> [PROMPT]: Exactly as they appear, copy the lines from the start of the entries below to the line containing "X Gold Health", both ends included.

· · ·

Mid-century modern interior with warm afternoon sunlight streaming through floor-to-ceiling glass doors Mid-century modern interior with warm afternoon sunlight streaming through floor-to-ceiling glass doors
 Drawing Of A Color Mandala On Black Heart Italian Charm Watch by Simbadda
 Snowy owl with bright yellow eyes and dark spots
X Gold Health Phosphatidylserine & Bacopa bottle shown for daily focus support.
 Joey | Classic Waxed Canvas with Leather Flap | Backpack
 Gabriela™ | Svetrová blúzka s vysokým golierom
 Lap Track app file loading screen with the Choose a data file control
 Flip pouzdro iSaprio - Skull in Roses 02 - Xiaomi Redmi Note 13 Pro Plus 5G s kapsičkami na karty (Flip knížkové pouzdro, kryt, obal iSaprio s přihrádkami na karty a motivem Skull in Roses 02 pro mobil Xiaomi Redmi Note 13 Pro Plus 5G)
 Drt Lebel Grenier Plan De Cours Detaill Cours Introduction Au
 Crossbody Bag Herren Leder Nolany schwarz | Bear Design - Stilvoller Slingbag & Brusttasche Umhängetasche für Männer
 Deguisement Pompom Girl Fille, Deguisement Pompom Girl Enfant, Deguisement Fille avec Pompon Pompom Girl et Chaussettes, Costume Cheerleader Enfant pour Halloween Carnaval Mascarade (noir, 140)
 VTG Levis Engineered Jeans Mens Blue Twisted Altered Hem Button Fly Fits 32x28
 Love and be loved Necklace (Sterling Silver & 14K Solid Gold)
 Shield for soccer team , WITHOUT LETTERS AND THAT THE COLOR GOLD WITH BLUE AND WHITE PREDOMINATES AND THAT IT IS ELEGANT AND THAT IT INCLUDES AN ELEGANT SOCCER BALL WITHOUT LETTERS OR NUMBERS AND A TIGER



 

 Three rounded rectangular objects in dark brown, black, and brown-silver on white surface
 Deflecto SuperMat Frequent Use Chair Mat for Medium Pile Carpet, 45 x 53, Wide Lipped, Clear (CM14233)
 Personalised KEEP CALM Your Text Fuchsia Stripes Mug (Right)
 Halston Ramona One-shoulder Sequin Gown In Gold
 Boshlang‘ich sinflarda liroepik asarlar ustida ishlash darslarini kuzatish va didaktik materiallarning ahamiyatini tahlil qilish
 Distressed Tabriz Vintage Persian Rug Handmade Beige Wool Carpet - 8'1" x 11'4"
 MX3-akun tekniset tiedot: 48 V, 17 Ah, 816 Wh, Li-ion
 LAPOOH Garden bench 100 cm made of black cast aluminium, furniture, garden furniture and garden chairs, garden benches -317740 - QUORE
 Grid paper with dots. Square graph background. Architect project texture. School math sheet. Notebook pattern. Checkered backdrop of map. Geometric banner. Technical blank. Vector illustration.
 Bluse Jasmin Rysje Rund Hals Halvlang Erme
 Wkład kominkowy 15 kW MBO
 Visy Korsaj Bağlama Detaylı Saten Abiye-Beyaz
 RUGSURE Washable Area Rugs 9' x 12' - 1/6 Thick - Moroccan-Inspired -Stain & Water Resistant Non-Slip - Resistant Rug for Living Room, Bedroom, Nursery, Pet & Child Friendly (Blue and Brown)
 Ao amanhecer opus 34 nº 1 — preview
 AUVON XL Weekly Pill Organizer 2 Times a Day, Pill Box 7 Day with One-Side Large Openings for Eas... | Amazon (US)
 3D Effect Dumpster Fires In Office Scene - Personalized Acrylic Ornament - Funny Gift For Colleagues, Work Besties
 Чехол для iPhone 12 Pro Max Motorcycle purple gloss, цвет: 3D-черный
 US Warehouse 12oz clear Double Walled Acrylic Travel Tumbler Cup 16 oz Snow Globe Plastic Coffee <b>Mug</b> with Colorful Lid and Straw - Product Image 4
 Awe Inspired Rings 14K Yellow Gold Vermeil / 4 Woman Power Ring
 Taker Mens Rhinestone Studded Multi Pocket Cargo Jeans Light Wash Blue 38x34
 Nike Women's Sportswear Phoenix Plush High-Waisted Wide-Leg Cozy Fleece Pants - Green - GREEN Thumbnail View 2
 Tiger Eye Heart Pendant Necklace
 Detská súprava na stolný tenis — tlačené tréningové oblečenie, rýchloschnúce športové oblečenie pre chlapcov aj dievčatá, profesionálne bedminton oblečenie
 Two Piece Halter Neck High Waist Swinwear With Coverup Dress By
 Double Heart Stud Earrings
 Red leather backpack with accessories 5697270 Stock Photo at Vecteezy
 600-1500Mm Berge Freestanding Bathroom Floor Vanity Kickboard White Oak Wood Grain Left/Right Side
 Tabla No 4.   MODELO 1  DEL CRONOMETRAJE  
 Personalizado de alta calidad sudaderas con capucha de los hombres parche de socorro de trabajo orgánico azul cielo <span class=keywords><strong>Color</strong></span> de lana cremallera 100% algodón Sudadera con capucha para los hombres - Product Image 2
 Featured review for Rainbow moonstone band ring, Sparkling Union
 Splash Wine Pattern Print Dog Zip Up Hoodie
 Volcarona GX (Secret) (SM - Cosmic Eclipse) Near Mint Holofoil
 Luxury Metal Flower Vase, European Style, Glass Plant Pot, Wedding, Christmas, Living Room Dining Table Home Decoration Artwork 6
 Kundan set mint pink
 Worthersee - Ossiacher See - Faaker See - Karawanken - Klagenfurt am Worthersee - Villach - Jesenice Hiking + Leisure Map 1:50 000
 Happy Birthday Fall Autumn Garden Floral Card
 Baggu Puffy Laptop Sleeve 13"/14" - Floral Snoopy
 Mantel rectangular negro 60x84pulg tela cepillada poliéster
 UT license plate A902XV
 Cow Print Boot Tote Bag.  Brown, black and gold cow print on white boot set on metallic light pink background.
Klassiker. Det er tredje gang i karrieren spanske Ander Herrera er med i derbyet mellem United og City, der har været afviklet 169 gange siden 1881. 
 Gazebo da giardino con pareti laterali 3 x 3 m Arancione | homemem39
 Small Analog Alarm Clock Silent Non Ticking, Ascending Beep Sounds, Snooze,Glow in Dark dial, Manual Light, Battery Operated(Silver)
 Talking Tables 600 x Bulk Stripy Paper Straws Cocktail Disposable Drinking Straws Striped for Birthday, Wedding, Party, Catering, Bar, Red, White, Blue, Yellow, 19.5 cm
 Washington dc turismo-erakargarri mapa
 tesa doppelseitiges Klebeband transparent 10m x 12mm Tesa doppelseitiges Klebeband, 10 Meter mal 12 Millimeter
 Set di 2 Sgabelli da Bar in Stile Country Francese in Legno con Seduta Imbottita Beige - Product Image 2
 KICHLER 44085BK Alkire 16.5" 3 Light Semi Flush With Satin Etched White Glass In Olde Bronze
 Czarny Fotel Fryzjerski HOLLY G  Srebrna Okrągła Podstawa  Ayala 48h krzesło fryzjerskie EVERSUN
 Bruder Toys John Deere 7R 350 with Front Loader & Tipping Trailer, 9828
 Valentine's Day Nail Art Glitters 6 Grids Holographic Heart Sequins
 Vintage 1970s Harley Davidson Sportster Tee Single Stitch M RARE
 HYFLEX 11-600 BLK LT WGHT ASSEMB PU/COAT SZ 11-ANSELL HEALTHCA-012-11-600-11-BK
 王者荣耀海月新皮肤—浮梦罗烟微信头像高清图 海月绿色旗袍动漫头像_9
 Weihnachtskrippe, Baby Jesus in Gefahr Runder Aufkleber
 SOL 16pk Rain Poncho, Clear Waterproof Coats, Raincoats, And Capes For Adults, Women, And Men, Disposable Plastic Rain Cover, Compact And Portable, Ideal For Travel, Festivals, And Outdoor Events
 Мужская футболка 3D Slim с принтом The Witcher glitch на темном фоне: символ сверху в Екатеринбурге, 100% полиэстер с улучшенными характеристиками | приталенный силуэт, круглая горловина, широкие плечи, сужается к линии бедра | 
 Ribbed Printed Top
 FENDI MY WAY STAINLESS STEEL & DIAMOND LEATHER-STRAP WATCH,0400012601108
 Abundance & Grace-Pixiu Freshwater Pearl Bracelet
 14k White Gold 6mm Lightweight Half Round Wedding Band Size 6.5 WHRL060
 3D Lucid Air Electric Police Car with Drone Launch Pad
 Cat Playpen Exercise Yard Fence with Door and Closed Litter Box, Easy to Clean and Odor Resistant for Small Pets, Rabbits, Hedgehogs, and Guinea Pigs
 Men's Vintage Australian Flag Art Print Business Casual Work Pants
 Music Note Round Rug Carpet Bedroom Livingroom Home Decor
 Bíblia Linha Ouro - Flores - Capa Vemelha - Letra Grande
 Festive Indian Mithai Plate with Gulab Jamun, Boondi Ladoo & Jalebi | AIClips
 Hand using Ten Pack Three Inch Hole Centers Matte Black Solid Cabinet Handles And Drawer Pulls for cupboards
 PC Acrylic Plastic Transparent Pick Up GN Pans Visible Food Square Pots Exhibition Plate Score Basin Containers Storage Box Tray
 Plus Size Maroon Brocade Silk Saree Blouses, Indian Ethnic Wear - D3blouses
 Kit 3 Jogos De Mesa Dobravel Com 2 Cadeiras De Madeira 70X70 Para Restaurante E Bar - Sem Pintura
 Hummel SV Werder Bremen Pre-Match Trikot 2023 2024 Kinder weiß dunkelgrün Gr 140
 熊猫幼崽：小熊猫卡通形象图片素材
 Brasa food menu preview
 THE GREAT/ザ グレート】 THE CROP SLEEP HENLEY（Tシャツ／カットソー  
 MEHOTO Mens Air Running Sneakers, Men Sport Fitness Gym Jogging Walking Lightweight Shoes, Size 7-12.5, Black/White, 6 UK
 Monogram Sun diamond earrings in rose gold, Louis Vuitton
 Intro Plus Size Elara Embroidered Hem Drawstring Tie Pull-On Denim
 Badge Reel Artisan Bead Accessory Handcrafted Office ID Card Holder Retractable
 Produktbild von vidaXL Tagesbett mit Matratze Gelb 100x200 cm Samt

· · ·

> [YOUR RESPONSE]:
Mid-century modern interior with warm afternoon sunlight streaming through floor-to-ceiling glass doors Mid-century modern interior with warm afternoon sunlight streaming through floor-to-ceiling glass doors
 Drawing Of A Color Mandala On Black Heart Italian Charm Watch by Simbadda
 Snowy owl with bright yellow eyes and dark spots
X Gold Health Phosphatidylserine & Bacopa bottle shown for daily focus support.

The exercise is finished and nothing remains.